Rezension zu "High-Rise" von James Graham Ballard
Die Perspektivfiguren geben die sozialen Schichten sowie ihre Sichtweise und ihr Streben wieder: Wilder gehört der unteren Schicht an und strebt danach, sozial aufzusteigen, was sich in seinem physischen Erklimmen des Hochhauses manifestiert. Royal steht – als Wilders direkter Gegenpart – an der Spitze der sozialen Schicht und lebt daher im Penthouseappartement auf dem Dach und versucht Wilder davon abzuhalten, das Hochhaus und damit die soziale Leiter hinaufzusteigen. Laing, der die Mittelschicht verkörpert, lebt im mittleren Teil des Hochhauses und ist zwischen den Extremen Wilders und Royals hin- und hergerissen, bis er sich schließlich in sein Appartement zurückzieht.
Das Hochhaus nimmt den Status eines Mikrokosmos ein. Die Außenwelt verliert dabei jegliche Relevanz.
Der Wissenshorizont des Erzählers ist auf die drei Perspektivfiguren Laing, Wilder und Royal beschränkt. Dabei geht der Einblick in ihre Gefühls- und Gedankenwelt mit ihrer Entwicklung verloren. Die Ver- und Entfremdung sowie die Entmenschlichung der Figuren sorgt für eine Empathie- und Mitleidslosigkeit des Lesers. Die anfangs suggerierte Möglichkeit des Einfühlens kann als eine Art falsche Spur angesehen werden, die der Leser aufsitzen könnte.
Der Roman gibt keine Enblicke in die seelischen Abgründe der Figuren, vielmehr gibt es EInblicke in die Abgründe der Gesellschaft. Jedoch ist damit nicht die eigentliche Gesellschaft gemeint, sondern vielmehr die Gesellschaft, die sich aus den Hierarchien und sozialen Schichten ergibt, die durch das Hochhaus evoziert werden. Dieses Gesellschaftsmodell richtet sich nicht nach äußeren Einflüssen. Es ist die "natürliche Ordnung des Gebäudes" (S. 11).
Die Möglichkeit des Gebäudes, diesee "naturhafte" gesellschaftliche Ordnung zu evozieren, zieht es aus einer gewissen Grundversorgung, dem Wegfallen von Obrigkeiten (Polizei oder andere Instanzen werden aus den Angelegenheiten der Bewohner gänzlich herausgehalten, der Schein nach außen hin gewahrt) und dem Prinzip der Rivalität.
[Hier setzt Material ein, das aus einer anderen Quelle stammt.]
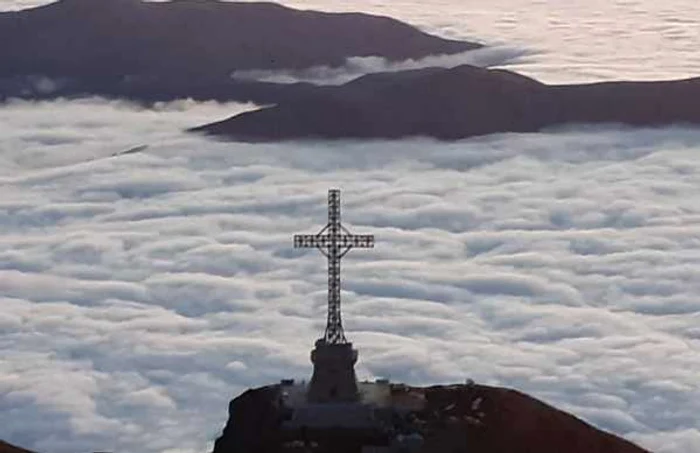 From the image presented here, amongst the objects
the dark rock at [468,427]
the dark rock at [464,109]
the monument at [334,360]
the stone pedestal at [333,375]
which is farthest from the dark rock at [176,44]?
the stone pedestal at [333,375]

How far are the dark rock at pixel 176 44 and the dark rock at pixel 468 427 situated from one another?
80094 mm

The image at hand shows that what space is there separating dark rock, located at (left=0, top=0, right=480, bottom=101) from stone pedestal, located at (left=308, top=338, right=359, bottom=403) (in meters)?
81.1

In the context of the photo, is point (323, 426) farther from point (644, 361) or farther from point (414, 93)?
point (414, 93)

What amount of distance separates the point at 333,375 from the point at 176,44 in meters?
90.2

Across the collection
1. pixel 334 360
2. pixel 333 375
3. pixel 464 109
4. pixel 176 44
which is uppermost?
pixel 176 44

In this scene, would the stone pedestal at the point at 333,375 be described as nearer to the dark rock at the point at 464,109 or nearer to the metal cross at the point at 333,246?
the metal cross at the point at 333,246

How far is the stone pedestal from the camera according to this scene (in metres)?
32.6

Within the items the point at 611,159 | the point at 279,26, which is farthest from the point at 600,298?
the point at 279,26

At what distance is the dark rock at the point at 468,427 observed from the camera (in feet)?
103

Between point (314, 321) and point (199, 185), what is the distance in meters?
27.7

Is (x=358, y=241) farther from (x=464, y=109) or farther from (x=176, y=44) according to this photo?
(x=176, y=44)

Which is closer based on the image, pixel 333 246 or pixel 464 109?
pixel 333 246

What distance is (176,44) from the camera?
400ft

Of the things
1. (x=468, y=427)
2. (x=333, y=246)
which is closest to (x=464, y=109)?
(x=333, y=246) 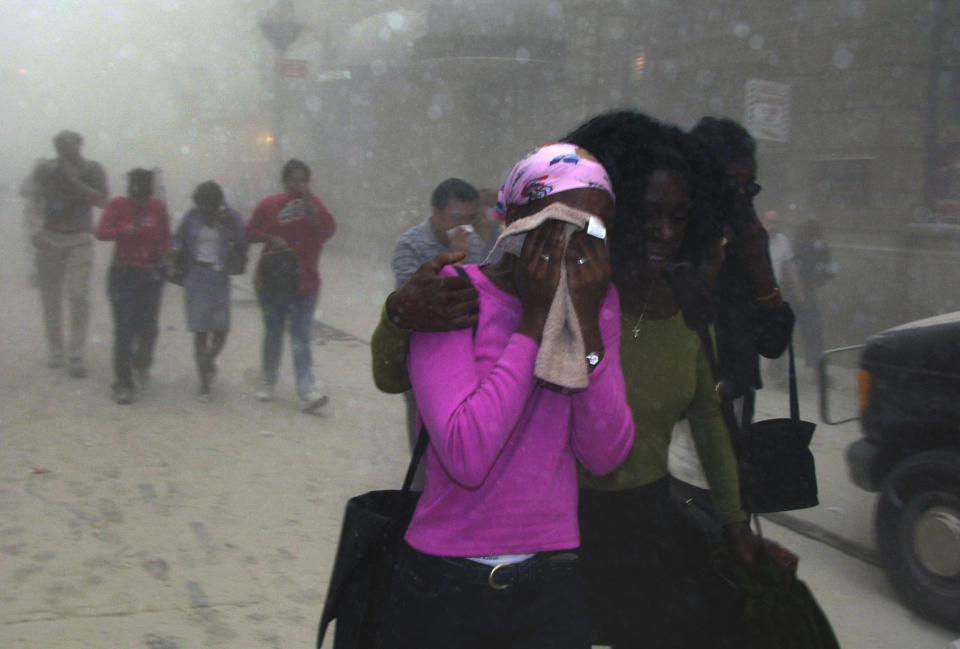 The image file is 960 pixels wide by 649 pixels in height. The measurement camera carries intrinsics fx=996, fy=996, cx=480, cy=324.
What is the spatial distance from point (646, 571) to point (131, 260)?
259 inches

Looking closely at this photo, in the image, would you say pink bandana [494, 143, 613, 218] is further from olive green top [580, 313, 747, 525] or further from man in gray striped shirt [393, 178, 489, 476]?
man in gray striped shirt [393, 178, 489, 476]

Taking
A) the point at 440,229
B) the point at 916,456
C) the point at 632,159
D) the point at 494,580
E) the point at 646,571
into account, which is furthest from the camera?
the point at 440,229

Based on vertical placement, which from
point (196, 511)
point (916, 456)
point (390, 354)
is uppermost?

Dieses Prinzip entsteht aus dem Moment, als das letzte Apartemente verkauft wird und somit die Fluktuation der Bewohner innerhalb des Gebäudes und der damit einhergehende Aufstieg innerhalb der sozialen Schichten des Gebäudes nicht mehr möglich sind. Durch das Wegfallen von Obrigkeiten entsteht der Schein der absoluten Freiheit und die gesicherte Grundversorgung sorgt für eine Art "mechanisierten Sozialstaat".
Der Roman kann also als soziales Experiment gelesen werden, in dem eine Gesellschaft agiert, die keine Vergesellschaftung kennt und die Psychodynamik eine nicht individuell biographische ist.
Dabei gibt es verschiedene spannende Punkte, wie die verschiedenen Rollen, die die männlichen und die weiblichen Figuren einnehmen und wie unterschiedlich sich die Geschlechter und ihr Umgang mit der Situation ausfallen.
Wer am Ende enttäuscht ist, dass das Duell zwischen Wilder und Royal anders ausfällt als gedacht und sich die Situation im Hochhaus nicht so auflöst, wie vermutet, fällt einer weiteren falschen Spur des Romans anheim.